Queen Elizabeth II becomes our longest serving monarch on 9 September 2015  

Andy Warhol QE2The Queen is expected to make a rare public speech thanking her British and Commonwealth subjects for 63 years of support when she becomes our longest-reigning monarch on Wednesday.


Her Majesty, who had originally wanted to spend the landmark day in private, has already bowed to the clamour for a public appearance by agreeing to interrupt her holiday at Balmoral and open a railway in the Borders.


Now she is said to be contemplating going even further by speaking at the end of her journey aboard a steam train, when she would be likely to pay tribute to her great-great-grandmother Queen Victoria, the woman whose record reign she will overtake.


Queen Victoria’s reign of 23,226 days, 16 hours and 23 minutes – 63 years and seven months – defined an era and a people.


No one was more “Victorian” than the public Victoria, with her sincere do-goodery, lugubrious piety, conspicuous wifely devotion and imperial bombast. In private, Queen Victoria could be quite different, altogether more kittenishly charming or scabrously Hanoverian, depending on her mood.


In the eyes of her contemporaries, Victoria was the symbol of the age, sturdy as a steam engine and as solidly built as any of Eugenius Birch’s cast-iron seaside piers. Her longevity was interpreted as proof that theirs was, as she herself described it, “an epoch of progress”.


Fast forward today and Queen Elizabeth II rarely speaks in public, confining herself to set piece events such as her Christmas message, the State opening of Parliament and speeches at State banquets when she is entertaining or visiting other leaders.

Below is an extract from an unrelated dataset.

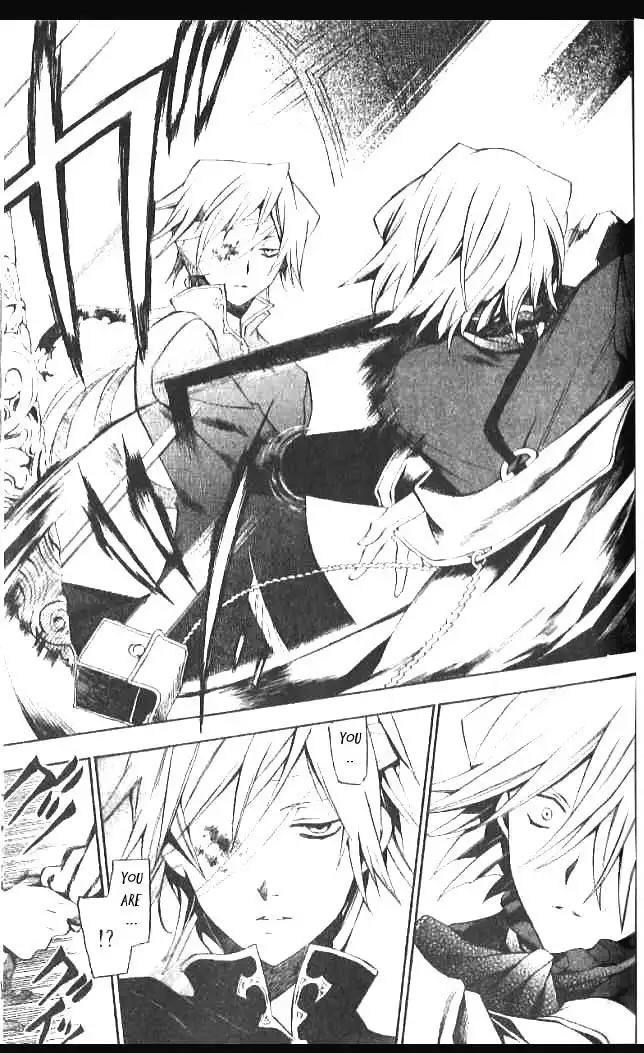 Pandora Hearts Chapter 15 14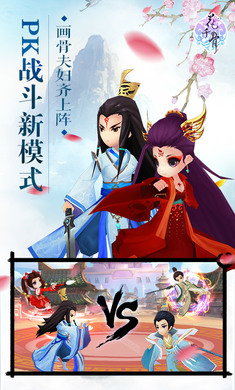 花千骨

The Queen, who had insisted she wanted “no fuss” to be made about her record-breaking day, will board a train at Edinburgh Waverley Station pulled by the steam locomotive Union of South Africa for the two-hour journey.


It will stop at Newtongrange in Midlothian, where the Queen will unveil a plaque, before reaching Tweedbank, where the Queen will officially open the Borders Railway, the longest domestic railway line to be built in the UK in over a century.


She will be greeted by a brass band and will unveil another plaque, at which point she may decide to speak, though it is understood that a final decision will not be made until next week.


The Zoroastrian community in the UK are marking the occasion in a very special way. ZTFE Resident Mobed at the Zoroastrian Centre Ervad Yazad T Bhadha will perform a Maachi ceremony followed by a benedictory prayer in the Setayasht Gah on Friday 11th September 2015 at 7pm.


Ervad Yazad will invoke blessings of Dadar Ahura Mazda for the well-being and to continue the peaceful and prosperous reign of Her Majesty The Queen, for the well being of HRH The Duke of Edinburgh, The Prince of Wales, Duke of Cambridge, Prince George, the Royal Family, the House of Windsor, United Kingdom and the Commonwealth. This will be followed by a Humbandagi.


Sagan-ni mithai and refreshments will be served in the Zoroastrian Centre Foyer to all the worshipers who will attend this celebratory occasion.